# [Items listed in a dataset]
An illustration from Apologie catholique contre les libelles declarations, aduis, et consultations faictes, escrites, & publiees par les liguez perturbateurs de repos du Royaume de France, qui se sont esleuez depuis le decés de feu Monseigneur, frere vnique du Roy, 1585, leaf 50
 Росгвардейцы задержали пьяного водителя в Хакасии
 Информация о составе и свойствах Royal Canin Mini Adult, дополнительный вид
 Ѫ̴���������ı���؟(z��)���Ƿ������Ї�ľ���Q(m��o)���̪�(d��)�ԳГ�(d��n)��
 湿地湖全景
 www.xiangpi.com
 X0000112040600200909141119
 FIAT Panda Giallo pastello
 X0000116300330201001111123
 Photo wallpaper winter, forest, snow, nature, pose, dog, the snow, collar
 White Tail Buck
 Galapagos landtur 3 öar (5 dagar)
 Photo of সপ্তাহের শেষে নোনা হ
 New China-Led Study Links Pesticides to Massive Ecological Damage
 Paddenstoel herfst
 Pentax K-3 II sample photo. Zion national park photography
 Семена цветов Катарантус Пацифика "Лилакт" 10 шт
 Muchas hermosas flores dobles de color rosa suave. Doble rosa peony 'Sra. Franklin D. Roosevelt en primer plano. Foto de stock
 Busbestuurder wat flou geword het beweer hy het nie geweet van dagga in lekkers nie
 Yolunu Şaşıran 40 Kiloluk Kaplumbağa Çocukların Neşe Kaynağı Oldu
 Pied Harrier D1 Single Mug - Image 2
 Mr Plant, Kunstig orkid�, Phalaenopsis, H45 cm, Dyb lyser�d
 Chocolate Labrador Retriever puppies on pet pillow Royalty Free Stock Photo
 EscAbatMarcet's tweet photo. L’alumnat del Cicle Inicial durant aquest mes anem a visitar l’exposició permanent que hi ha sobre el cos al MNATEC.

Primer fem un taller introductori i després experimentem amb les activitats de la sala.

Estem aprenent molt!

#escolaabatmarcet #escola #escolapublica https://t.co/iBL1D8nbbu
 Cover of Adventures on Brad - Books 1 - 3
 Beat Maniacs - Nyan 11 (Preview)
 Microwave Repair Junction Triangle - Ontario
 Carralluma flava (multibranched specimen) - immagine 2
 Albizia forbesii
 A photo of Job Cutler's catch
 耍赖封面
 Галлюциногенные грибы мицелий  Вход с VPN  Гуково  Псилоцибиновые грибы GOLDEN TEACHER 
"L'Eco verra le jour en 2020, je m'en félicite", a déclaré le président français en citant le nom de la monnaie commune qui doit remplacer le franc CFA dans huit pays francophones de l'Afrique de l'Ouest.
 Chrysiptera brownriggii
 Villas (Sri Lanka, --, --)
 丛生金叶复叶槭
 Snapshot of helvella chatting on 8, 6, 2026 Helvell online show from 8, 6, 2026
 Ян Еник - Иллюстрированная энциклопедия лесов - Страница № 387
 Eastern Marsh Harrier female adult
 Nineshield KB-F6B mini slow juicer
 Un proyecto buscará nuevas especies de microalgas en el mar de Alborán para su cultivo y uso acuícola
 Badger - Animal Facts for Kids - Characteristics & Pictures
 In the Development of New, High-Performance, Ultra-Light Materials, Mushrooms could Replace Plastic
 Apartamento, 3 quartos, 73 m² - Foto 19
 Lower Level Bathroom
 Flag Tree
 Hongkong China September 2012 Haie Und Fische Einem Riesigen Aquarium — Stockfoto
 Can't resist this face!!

# [What the task requires]
Output the data above in full and exactly.

# [Task result]
An illustration from Apologie catholique contre les libelles declarations, aduis, et consultations faictes, escrites, & publiees par les liguez perturbateurs de repos du Royaume de France, qui se sont esleuez depuis le decés de feu Monseigneur, frere vnique du Roy, 1585, leaf 50
 Росгвардейцы задержали пьяного водителя в Хакасии
 Информация о составе и свойствах Royal Canin Mini Adult, дополнительный вид
 Ѫ̴���������ı���؟(z��)���Ƿ������Ї�ľ���Q(m��o)���̪�(d��)�ԳГ�(d��n)��
 湿地湖全景
 www.xiangpi.com
 X0000112040600200909141119
 FIAT Panda Giallo pastello
 X0000116300330201001111123
 Photo wallpaper winter, forest, snow, nature, pose, dog, the snow, collar
 White Tail Buck
 Galapagos landtur 3 öar (5 dagar)
 Photo of সপ্তাহের শেষে নোনা হ
 New China-Led Study Links Pesticides to Massive Ecological Damage
 Paddenstoel herfst
 Pentax K-3 II sample photo. Zion national park photography
 Семена цветов Катарантус Пацифика "Лилакт" 10 шт
 Muchas hermosas flores dobles de color rosa suave. Doble rosa peony 'Sra. Franklin D. Roosevelt en primer plano. Foto de stock
 Busbestuurder wat flou geword het beweer hy het nie geweet van dagga in lekkers nie
 Yolunu Şaşıran 40 Kiloluk Kaplumbağa Çocukların Neşe Kaynağı Oldu
 Pied Harrier D1 Single Mug - Image 2
 Mr Plant, Kunstig orkid�, Phalaenopsis, H45 cm, Dyb lyser�d
 Chocolate Labrador Retriever puppies on pet pillow Royalty Free Stock Photo
 EscAbatMarcet's tweet photo. L’alumnat del Cicle Inicial durant aquest mes anem a visitar l’exposició permanent que hi ha sobre el cos al MNATEC.

Primer fem un taller introductori i després experimentem amb les activitats de la sala.

Estem aprenent molt!

#escolaabatmarcet #escola #escolapublica https://t.co/iBL1D8nbbu
 Cover of Adventures on Brad - Books 1 - 3
 Beat Maniacs - Nyan 11 (Preview)
 Microwave Repair Junction Triangle - Ontario
 Carralluma flava (multibranched specimen) - immagine 2
 Albizia forbesii
 A photo of Job Cutler's catch
 耍赖封面
 Галлюциногенные грибы мицелий  Вход с VPN  Гуково  Псилоцибиновые грибы GOLDEN TEACHER 
"L'Eco verra le jour en 2020, je m'en félicite", a déclaré le président français en citant le nom de la monnaie commune qui doit remplacer le franc CFA dans huit pays francophones de l'Afrique de l'Ouest.
 Chrysiptera brownriggii
 Villas (Sri Lanka, --, --)
 丛生金叶复叶槭
 Snapshot of helvella chatting on 8, 6, 2026 Helvell online show from 8, 6, 2026
 Ян Еник - Иллюстрированная энциклопедия лесов - Страница № 387
 Eastern Marsh Harrier female adult
 Nineshield KB-F6B mini slow juicer
 Un proyecto buscará nuevas especies de microalgas en el mar de Alborán para su cultivo y uso acuícola
 Badger - Animal Facts for Kids - Characteristics & Pictures
 In the Development of New, High-Performance, Ultra-Light Materials, Mushrooms could Replace Plastic
 Apartamento, 3 quartos, 73 m² - Foto 19
 Lower Level Bathroom
 Flag Tree
 Hongkong China September 2012 Haie Und Fische Einem Riesigen Aquarium — Stockfoto
 Can't resist this face!!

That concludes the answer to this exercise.